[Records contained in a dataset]
+ + + + + + +

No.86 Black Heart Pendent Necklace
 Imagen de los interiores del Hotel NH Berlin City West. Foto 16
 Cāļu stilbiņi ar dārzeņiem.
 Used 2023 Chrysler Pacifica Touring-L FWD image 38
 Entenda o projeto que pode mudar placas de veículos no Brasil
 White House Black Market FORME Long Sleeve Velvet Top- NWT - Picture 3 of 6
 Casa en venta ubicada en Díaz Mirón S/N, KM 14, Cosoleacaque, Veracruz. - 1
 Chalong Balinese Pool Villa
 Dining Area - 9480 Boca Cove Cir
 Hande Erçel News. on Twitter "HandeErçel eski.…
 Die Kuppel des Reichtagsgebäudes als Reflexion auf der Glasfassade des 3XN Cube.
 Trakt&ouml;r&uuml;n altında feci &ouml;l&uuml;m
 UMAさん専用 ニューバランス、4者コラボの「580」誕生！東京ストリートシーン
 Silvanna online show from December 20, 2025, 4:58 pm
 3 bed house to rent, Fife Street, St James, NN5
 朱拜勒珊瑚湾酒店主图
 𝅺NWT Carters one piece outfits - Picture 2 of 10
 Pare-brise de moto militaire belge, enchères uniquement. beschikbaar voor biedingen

+ + + + + + +

In the data above, find the line that contains "White House Black", then reproduce exactly every line from the first line through that line.

SOLVED EXERCISE:
No.86 Black Heart Pendent Necklace
 Imagen de los interiores del Hotel NH Berlin City West. Foto 16
 Cāļu stilbiņi ar dārzeņiem.
 Used 2023 Chrysler Pacifica Touring-L FWD image 38
 Entenda o projeto que pode mudar placas de veículos no Brasil
 White House Black Market FORME Long Sleeve Velvet Top- NWT - Picture 3 of 6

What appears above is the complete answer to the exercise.